Interest rates remained high for a longer period of time
Traders continue to increase their bets that the Federal Reserve may maintain high interest rates for a longer period of time under new Chairman Kevin Walsh, and the market will pay close attention to the impact of this policy on bank performance.
On the one hand, high interest rates increase interest income from bank loans, thereby boosting net profit; but on the other hand, high interest rates increase the pressure on residents to repay their debts, and some banks have to make additional loan loss reserves to deal with the risk of potential bad debts.
McGratty said, “In a context where 'interest rates remain high for a longer time' is the market's benchmark expectation, investors must consider more about the possibility that profit margins will peak.”
The private credit turmoil is beginning to subside
The turmoil in the private credit market that continued to unfold at the beginning of the year has gradually eased, but some funds are still under pressure from investors to redeem them. McGratty pointed out that this field is “currently very calm,” and he will pay close attention to the relevant statements in the financial reports of various institutions.

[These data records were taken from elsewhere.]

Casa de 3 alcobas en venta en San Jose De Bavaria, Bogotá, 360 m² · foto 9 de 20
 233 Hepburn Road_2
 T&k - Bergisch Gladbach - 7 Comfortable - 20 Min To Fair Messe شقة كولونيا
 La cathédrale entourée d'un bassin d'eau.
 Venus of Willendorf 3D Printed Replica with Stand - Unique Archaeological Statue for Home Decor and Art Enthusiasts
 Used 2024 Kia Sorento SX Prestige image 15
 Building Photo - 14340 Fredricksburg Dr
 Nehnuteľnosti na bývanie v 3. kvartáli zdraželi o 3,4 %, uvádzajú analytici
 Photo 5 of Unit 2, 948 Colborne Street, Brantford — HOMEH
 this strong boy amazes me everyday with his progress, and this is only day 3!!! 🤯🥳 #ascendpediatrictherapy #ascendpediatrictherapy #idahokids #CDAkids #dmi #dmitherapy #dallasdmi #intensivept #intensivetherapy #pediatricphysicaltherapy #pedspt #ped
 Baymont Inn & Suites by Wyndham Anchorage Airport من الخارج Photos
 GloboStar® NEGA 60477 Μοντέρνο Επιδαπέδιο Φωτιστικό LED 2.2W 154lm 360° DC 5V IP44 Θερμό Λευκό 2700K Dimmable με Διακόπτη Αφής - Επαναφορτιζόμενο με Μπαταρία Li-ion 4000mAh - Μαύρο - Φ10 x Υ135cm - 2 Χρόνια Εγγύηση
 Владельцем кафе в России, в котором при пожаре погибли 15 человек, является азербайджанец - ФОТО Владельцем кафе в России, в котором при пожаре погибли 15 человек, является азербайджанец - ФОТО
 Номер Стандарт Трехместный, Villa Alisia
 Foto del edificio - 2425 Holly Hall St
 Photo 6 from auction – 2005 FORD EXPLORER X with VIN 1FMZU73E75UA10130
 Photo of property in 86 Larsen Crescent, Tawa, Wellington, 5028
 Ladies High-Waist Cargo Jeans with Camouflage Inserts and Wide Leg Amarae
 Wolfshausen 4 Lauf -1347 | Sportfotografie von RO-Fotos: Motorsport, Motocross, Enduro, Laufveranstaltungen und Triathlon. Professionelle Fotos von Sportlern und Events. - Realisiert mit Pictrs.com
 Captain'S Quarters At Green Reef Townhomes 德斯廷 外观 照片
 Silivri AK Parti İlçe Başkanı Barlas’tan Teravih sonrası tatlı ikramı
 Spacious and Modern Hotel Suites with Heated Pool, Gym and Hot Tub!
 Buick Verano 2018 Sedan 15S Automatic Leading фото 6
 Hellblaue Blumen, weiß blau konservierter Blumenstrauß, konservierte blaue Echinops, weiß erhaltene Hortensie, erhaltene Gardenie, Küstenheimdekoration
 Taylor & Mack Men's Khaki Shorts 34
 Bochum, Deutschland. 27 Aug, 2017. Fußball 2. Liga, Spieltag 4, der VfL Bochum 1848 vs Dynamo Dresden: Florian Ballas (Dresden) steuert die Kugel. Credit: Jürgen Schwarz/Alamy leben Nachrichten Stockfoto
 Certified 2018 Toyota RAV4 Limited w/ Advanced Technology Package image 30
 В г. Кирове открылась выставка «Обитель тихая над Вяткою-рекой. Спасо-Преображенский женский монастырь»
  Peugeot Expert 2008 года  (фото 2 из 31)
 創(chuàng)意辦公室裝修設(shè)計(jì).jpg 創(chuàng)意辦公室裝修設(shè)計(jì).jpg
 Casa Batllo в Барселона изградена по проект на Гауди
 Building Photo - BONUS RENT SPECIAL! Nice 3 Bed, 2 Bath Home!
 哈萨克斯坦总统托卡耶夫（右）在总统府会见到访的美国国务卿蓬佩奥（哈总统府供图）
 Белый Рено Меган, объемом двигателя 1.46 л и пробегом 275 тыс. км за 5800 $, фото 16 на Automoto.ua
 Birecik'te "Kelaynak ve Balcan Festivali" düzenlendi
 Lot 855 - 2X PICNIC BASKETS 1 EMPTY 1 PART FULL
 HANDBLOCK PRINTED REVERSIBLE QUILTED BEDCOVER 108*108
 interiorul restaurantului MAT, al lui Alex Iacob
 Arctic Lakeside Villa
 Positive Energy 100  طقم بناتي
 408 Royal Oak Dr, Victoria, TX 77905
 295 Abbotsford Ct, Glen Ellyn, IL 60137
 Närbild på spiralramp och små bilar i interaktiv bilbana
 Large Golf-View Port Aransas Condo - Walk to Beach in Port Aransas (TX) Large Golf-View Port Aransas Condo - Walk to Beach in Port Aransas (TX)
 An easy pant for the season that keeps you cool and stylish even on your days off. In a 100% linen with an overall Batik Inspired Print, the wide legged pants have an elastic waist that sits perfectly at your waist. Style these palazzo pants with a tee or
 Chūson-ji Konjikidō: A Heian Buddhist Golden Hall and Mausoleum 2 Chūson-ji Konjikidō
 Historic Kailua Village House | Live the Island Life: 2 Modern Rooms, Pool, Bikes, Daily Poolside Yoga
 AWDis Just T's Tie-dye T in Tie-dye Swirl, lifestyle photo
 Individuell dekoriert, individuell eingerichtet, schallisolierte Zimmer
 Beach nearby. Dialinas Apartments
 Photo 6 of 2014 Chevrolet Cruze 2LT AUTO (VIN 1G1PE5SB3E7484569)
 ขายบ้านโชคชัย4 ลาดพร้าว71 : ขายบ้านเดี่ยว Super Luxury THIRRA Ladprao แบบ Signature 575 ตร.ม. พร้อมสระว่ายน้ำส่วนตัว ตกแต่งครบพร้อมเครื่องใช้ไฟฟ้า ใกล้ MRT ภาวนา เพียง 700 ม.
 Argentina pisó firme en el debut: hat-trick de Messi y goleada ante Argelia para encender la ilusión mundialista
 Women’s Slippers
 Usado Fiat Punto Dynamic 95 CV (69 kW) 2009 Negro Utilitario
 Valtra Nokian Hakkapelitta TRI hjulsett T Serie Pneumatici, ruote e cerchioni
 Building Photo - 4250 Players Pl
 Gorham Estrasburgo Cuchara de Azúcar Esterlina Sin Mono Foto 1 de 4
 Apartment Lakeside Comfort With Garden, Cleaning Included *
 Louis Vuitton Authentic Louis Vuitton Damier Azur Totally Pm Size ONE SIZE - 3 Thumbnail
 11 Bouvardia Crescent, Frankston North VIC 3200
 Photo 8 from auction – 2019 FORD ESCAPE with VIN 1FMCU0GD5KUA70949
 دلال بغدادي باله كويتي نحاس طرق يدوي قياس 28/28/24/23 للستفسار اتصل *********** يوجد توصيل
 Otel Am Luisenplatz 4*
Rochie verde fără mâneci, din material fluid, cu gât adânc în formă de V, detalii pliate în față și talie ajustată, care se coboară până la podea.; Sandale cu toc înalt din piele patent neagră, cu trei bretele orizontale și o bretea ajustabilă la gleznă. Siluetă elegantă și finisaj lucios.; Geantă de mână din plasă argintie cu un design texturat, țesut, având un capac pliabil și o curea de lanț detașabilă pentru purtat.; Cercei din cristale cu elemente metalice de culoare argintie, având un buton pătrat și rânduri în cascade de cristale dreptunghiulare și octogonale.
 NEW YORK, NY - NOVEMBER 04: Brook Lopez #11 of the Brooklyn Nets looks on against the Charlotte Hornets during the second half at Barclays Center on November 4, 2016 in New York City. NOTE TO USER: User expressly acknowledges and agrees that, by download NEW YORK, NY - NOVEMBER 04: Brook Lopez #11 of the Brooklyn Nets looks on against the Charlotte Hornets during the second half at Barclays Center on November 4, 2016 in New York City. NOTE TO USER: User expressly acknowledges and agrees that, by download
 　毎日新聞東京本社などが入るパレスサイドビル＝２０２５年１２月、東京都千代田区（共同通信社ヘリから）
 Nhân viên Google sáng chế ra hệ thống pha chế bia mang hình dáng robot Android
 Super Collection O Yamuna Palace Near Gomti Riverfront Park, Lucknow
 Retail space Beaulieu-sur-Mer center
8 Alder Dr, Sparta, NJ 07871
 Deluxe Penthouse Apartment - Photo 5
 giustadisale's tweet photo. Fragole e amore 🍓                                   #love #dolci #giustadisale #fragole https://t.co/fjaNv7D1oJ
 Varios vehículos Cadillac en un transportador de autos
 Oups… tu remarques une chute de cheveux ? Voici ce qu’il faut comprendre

In April of this year, major banks disclosed their risk exposure in the private credit sector: J.P. Morgan Chase about 50 billion US dollars, Wells Fargo about 36 billion US dollars, Citigroup about 22 billion US dollars, and Bank of America about 20 billion US dollars.
According to analysts at J.P. Morgan Chase, the month-on-month growth rate of loans to non-bank financial institutions has slowed, and the market is questioning the extent to which this slowdown is due to the cooling of private credit business.
J.P. Morgan analysts said, “We are awaiting the release of earnings reports to determine whether this reflects a slowdown in private credit exposure growth.”